Millions of people each year are affected by three different forms of coronary artery disease, collectively known as acute coronary syndrome (ACS). Several potentially fatal diseases could develop when blockages in the arteries cause stops or disrupts sufficient blood flow to the heart.

Examples of ACS are unstable angina, non-ST elevation myocardial infarction, and ST-elevation myocardial infarction.

What causes Acute coronary syndrome (ACS)?

To function, heart muscles require a consistent flow of blood that is rich in oxygen. The most frequent reason for a blocked coronary artery is a blood clot and fatty deposits in or on the coronary artery walls. .

A little more in details:

Typically, plaque buildup in and on the walls of coronary arteries, the blood channels that supply oxygen and nourishment to the heart muscles, causes acute coronary syndrome.

Blood clots occur when a plaque deposit happens. As a result,  the blood supply to the cardiac muscles is cut off by this clot.

The cardiac muscles’ cells may die if their oxygen supply is too low. A heart attack is the death of cells, which causes harm to muscular tissues, known as myocardial infarction.

Even when there is no cell death, the lack of oxygen causes the cardiac muscles not to function correctly, which can be temporary or permanent. Stable angina is the medical term for acute coronary syndrome, which does not cause cell death.

Types of acute coronary syndrome

The acute coronary syndrome involves three types of coronary artery disease which can harm, damage, and destroy heart tissue. The specific type depends on three things:

  1. Where the blood is blocked to your heart.
  2. How long the obstruction persists.
  3. The degree of the damage it causes.

More specifically, the three types of acute coronary syndrome include:

Unstable angina. Even when you are resting, you could experience abrupt, unexpected chest pressure or pain. It happens when stable angina gets worse and serves as a heart attack indicator.

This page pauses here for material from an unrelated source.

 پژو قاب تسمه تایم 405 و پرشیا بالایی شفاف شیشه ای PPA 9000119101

Non-ST-elevation myocardial infarction. A heart attack known as an NSTEMI can only be identified through blood testing, not an electrocardiogram (EKG). It means that your coronary arteries are not entirely obstructed but partially blocked.

ST-elevation myocardial infarction. Medical professionals can use blood tests and EKGs to identify a STEMI, which is a more severe heart attack. It happens when a large segment of your heart is subjected to prolonged, complete blockage of blood flow.

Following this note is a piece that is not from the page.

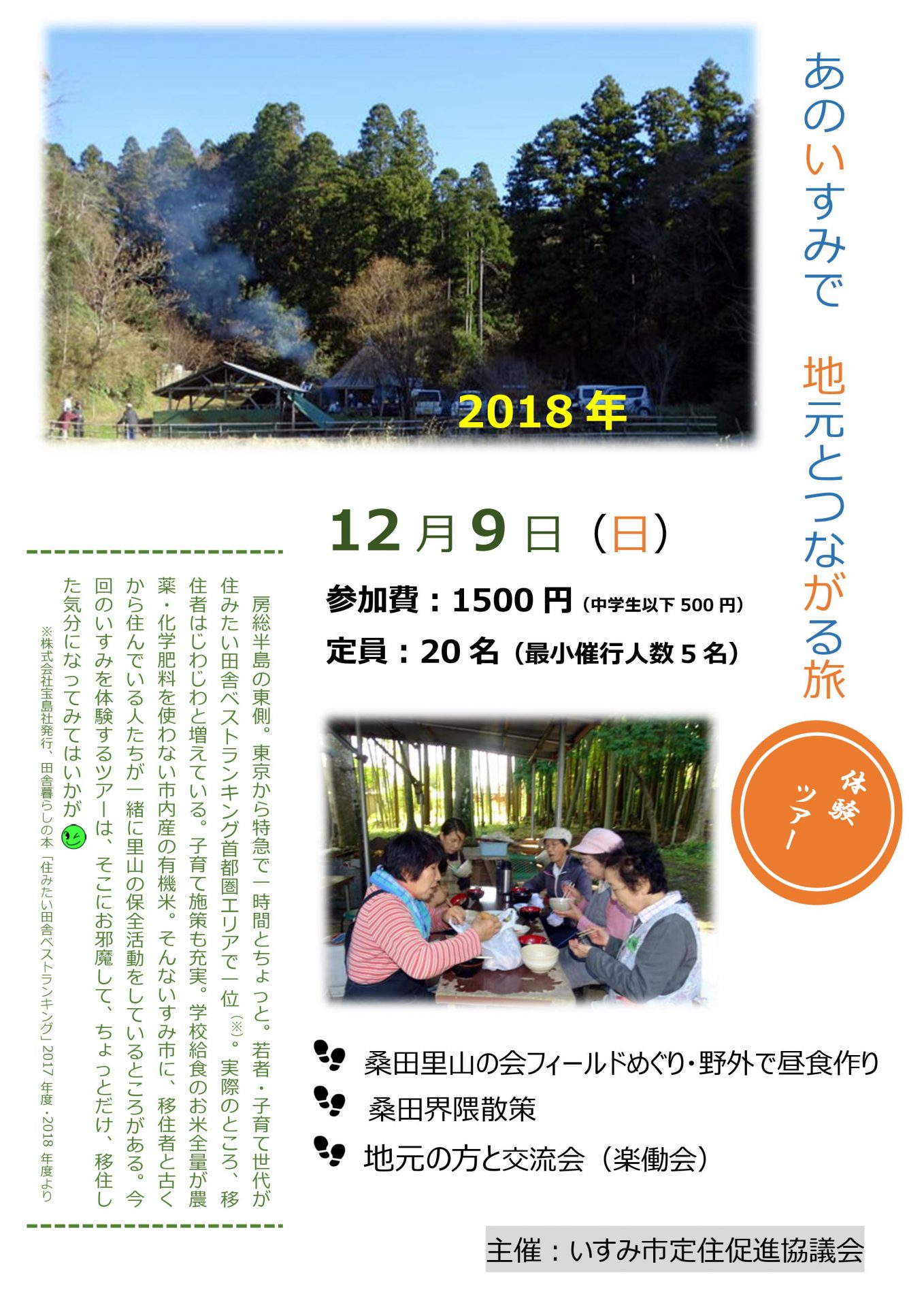 いすみ市定住促進協議会主催「地元とつながる旅（ツアー）」開催!! | 移住関連イベント情報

Acute coronary syndrome symptoms

Acute coronary syndrome symptoms typically appear suddenly. Some of these symptoms consist of:

  • Angina, or discomfort in the chest, which is frequently described as aching, pressure, tightness, or burning
  • Chest pain moving to the arms, shoulders, upper abdomen, back, neck, or jaw
  • Nausea or diarrhea
  • Indigestion
  • Breathing difficulty (dyspnea)
  • Abrupt, profuse perspiration (diaphoresis)
  • Dizziness, lightheadedness, or fainting
  • Unusual or unforeseen exhaustion
  • Feeling anxious or restless

The most typical symptom is discomfort or pain in the chest. However, depending on your age, sex, and other medical issues, signs and symptoms may differ dramatically. If you’re a woman, an older adult, or someone with diabetes, you are more likely to experience signs and symptoms without experiencing any chest pain or discomfort.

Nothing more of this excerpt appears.